On hope …
One of the things I had forgotten about having babies is how incredibly transformative they can be. People totally change around babies. They ooh and ahh around babies. Their faces light up and they seem uncontrollably drawn toward infants. Their whole demeanor shifts at the sight of a baby. I have even brought my infant to meetings before, and I am amazed about how the whole mood of the room changes. Work still gets done, but not without laughter, smiles, and joy. Even a crying child makes people sympathetic and tender.
For a long time, I wondered what it was about babies that could turn even the sternest person to mush. Then I realized what it was: hope. Because babies have little control or ability to assert their own (often contradictory) will, there is hope for all that the baby can be. Their innocence and simplicity are a refreshing break from the complicated nature of life. They truly are a gift to families, communities, and even strangers who sometimes have truly lost what it means to be a people of hope.
When our little one played baby Jesus in the Epiphany Pageant this year, I was not surprised at all then that the adult playing Mary teared up during the pageant. I have not spoken to her about what was going on that made her teary, but watching the emotion bubble up in her was something that I knew only an infant could do. Her emotional response made me see and hear the entire pageant differently – seeing the children in a different way, hearing the words of scripture in a different way, and singing the familiar Christmas songs in a different way.
In that moment of emotion, something else also became clear to me in a totally different way. The human reality of Jesus as a baby became much more tangible in that moment.
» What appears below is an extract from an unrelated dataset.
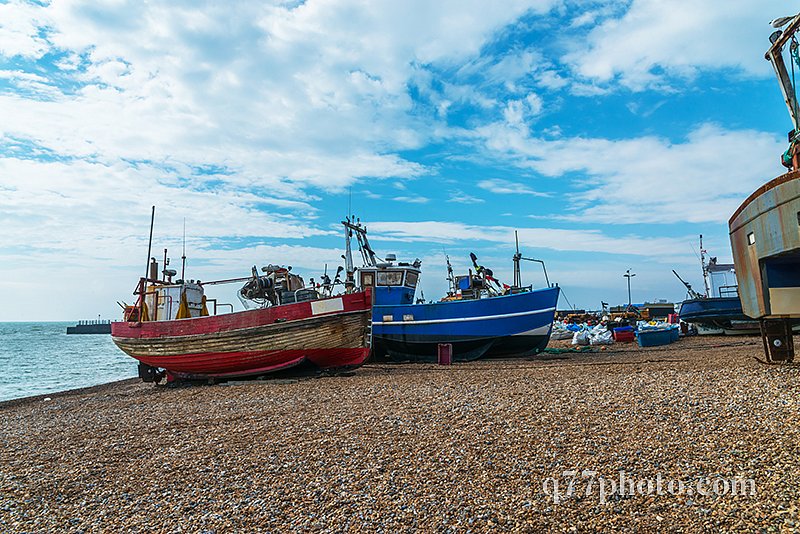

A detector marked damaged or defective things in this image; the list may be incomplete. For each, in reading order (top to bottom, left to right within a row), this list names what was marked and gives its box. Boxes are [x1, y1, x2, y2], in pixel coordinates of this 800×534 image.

rusty boat hull [111, 292, 374, 384]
It suddenly made sense to me how angels, shepherd, and wise men could reverence a child. It made sense to me how Mary and Joseph were completely perplexed, but also completely hopeful about this new thing that was happening through their child. It made sense to me the tremendous gift and miracle of God taking on flesh for us truly was.
Those moments of utter clarity are a bit rare in my life. I know the biblical stories and our liturgies so well that sometimes they become rote. I believe them all; I just do not always feel them. That morning, I felt it. I felt the wonder. I felt the overwhelming gratitude. I felt the hope. My guess is that opportunities for those feelings are more present than we ever recognize. Our challenge is honing the skill of perceiving when God is breaking into our routines and giving us hope.